* [What you need to do]: Below are the records. Retype exactly the lines between the lines holding "Blowsters Font - Featured Image" and "Rogierra Gas and", inclusive.

* [Data in this exercise]:
=== Section Start ===

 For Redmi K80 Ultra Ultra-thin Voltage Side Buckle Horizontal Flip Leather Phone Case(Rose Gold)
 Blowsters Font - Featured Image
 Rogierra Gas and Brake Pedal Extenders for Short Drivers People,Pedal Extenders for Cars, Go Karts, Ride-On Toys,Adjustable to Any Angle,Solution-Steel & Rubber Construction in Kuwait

=== Section End ===
=== Section Start ===

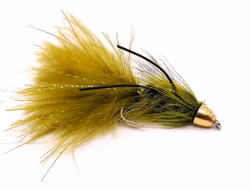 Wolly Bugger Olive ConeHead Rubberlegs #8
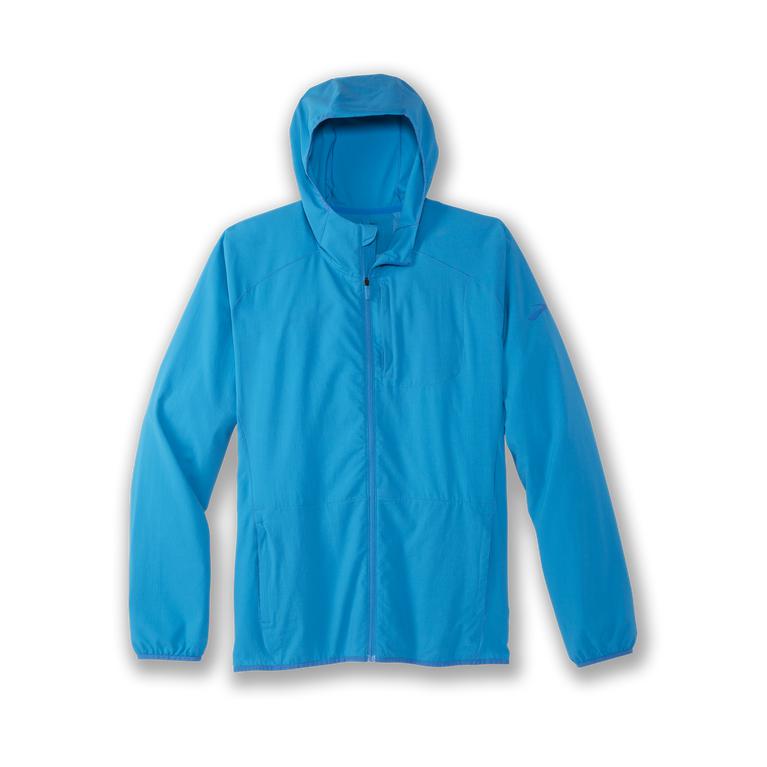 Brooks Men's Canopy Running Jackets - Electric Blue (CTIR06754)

=== Section End ===

* [Task output]:
 Blowsters Font - Featured Image
 Rogierra Gas and Brake Pedal Extenders for Short Drivers People,Pedal Extenders for Cars, Go Karts, Ride-On Toys,Adjustable to Any Angle,Solution-Steel & Rubber Construction in Kuwait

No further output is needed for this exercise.